**EXERCISE INSTRUCTIONS:**
Below are records to reproduce in full; copy them exactly but keep the pictures out.

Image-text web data
--
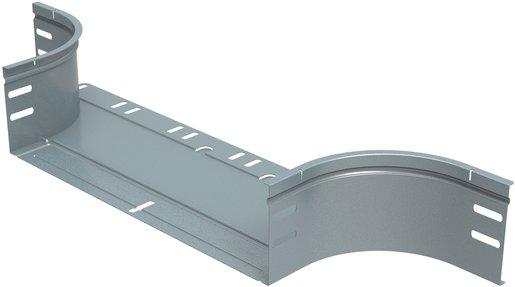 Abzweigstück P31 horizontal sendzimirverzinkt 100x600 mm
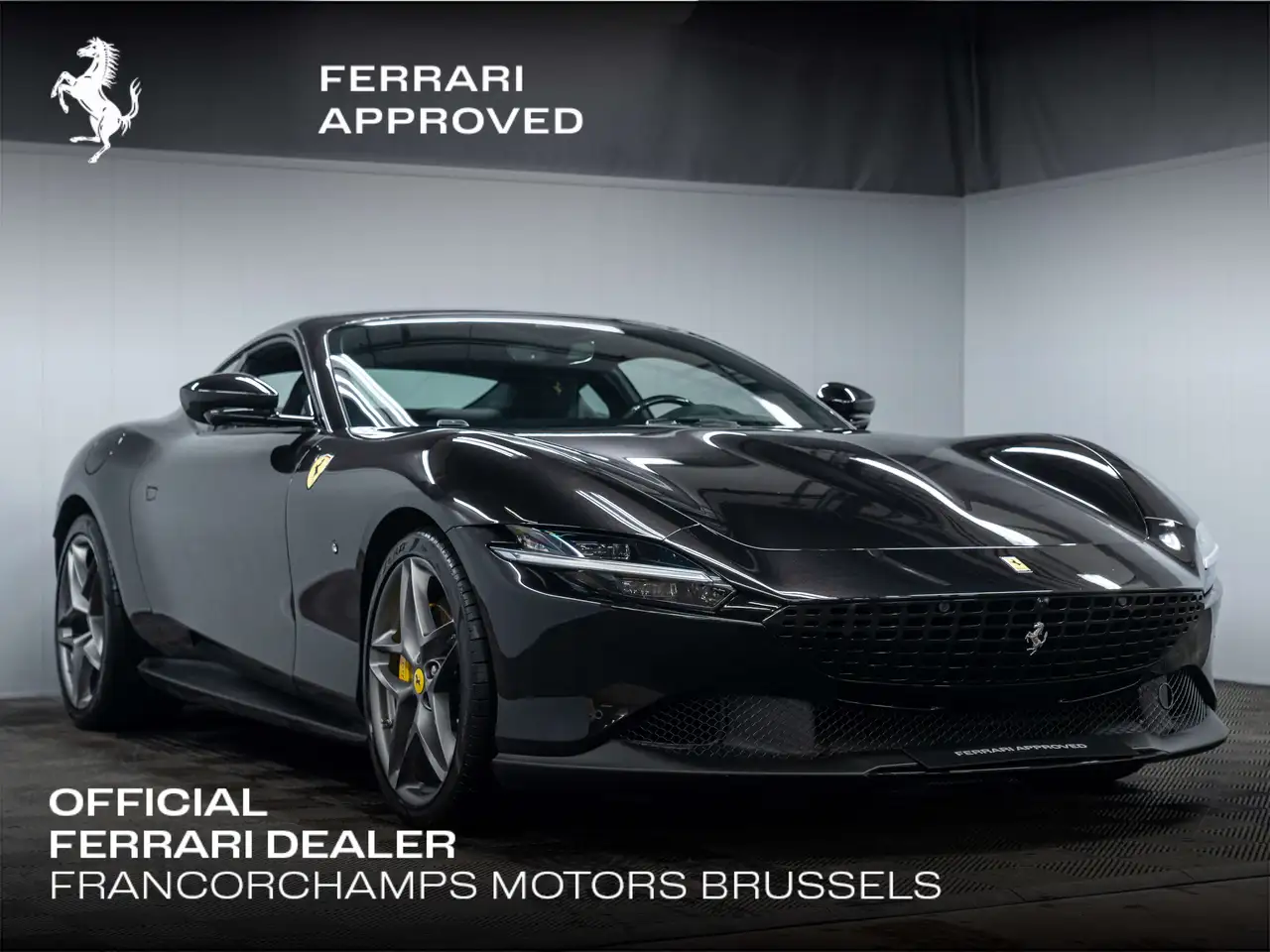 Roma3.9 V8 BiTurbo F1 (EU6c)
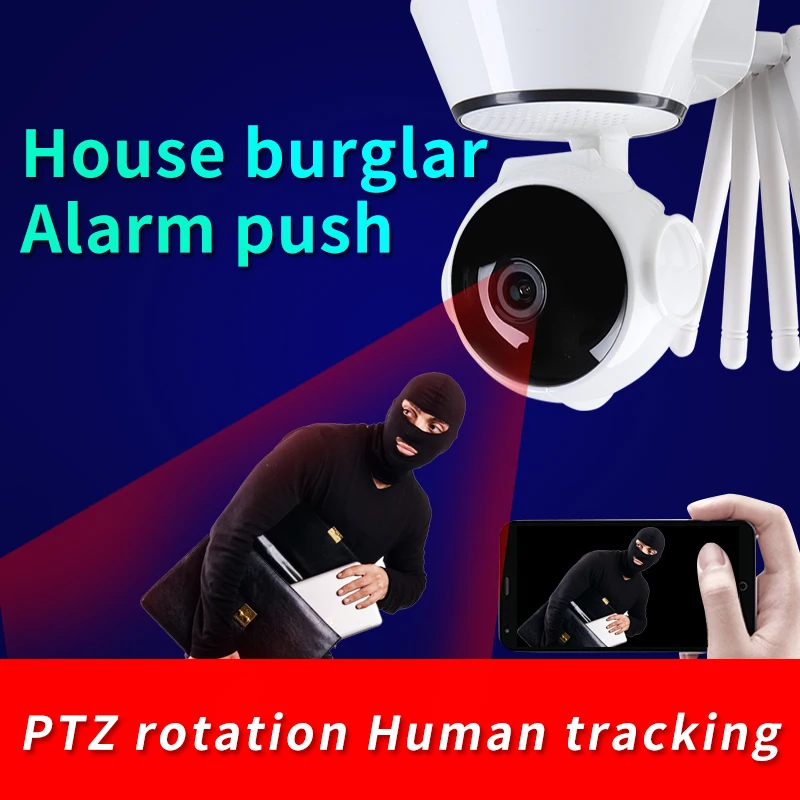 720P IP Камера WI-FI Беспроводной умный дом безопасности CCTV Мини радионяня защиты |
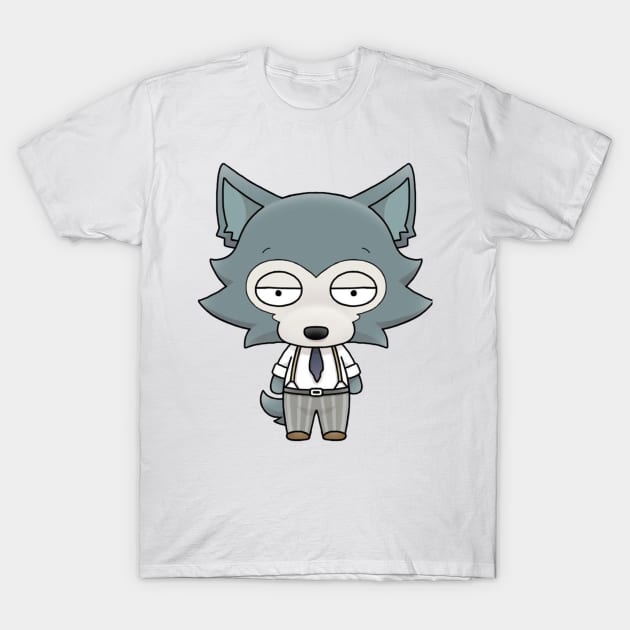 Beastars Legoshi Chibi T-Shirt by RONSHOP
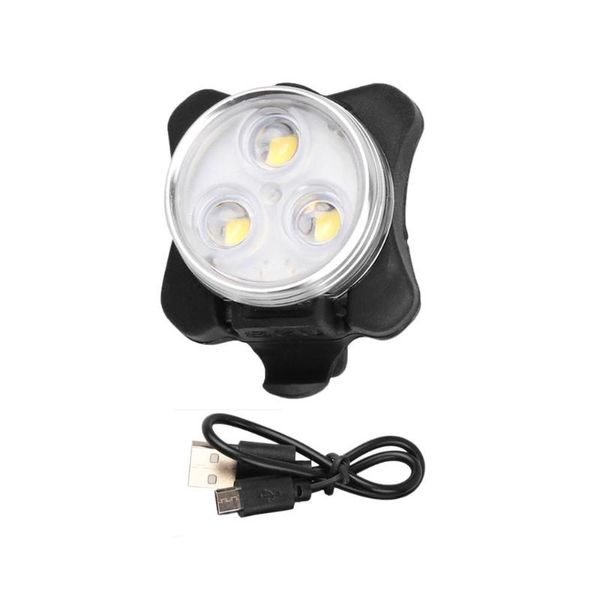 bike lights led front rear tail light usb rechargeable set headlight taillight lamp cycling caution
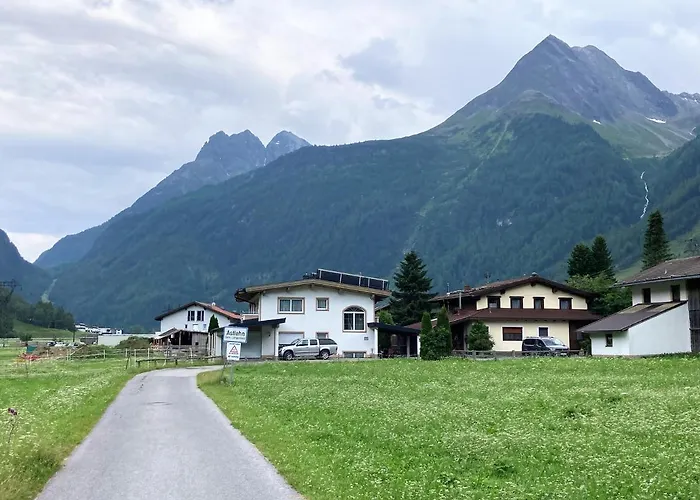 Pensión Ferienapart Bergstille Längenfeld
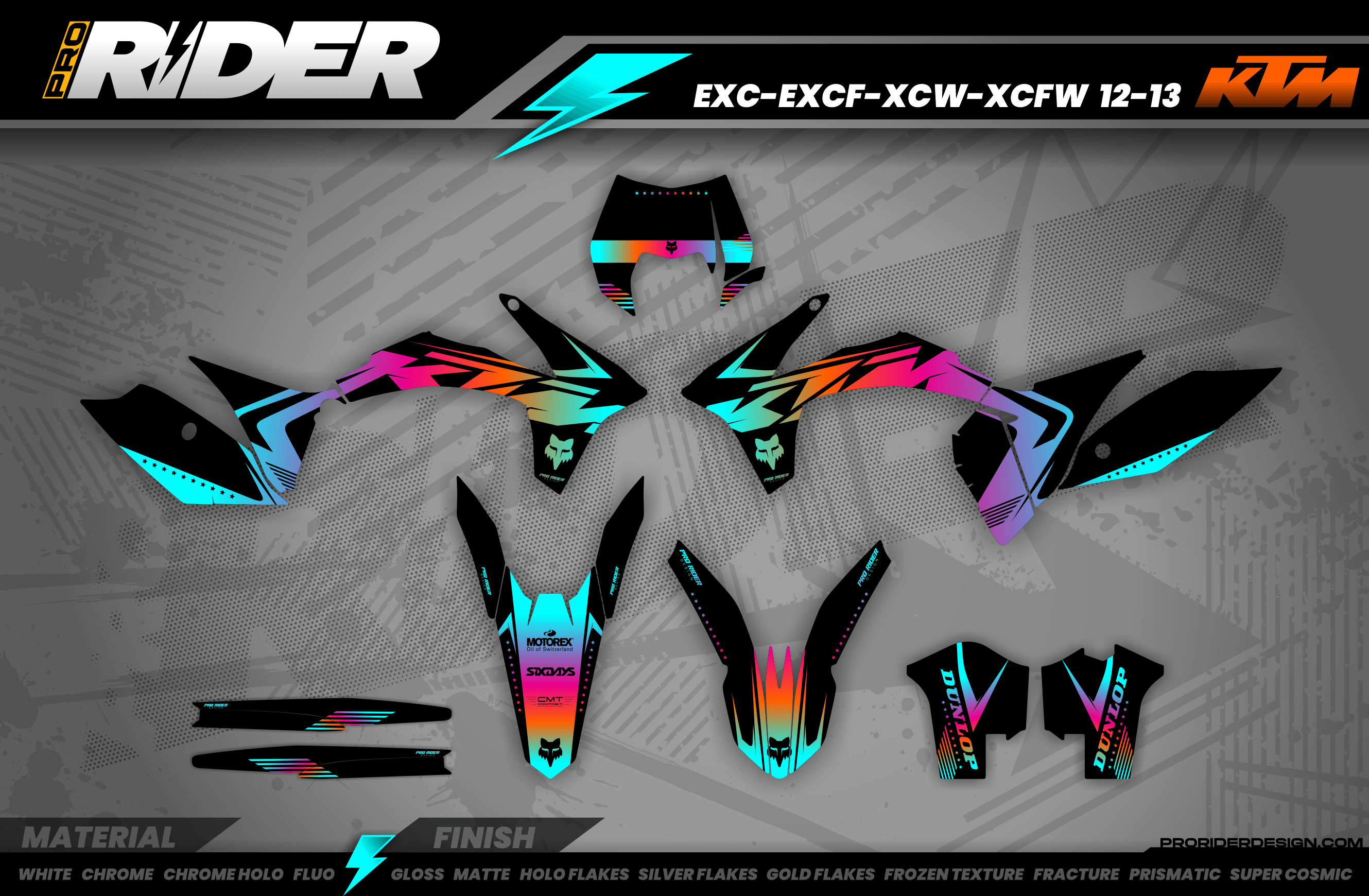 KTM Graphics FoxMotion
--
**REPLY:**
 Abzweigstück P31 horizontal sendzimirverzinkt 100x600 mm
 Roma3.9 V8 BiTurbo F1 (EU6c)
 720P IP Камера WI-FI Беспроводной умный дом безопасности CCTV Мини радионяня защиты |
 Beastars Legoshi Chibi T-Shirt by RONSHOP
 bike lights led front rear tail light usb rechargeable set headlight taillight lamp cycling caution
 Pensión Ferienapart Bergstille Längenfeld
 KTM Graphics FoxMotion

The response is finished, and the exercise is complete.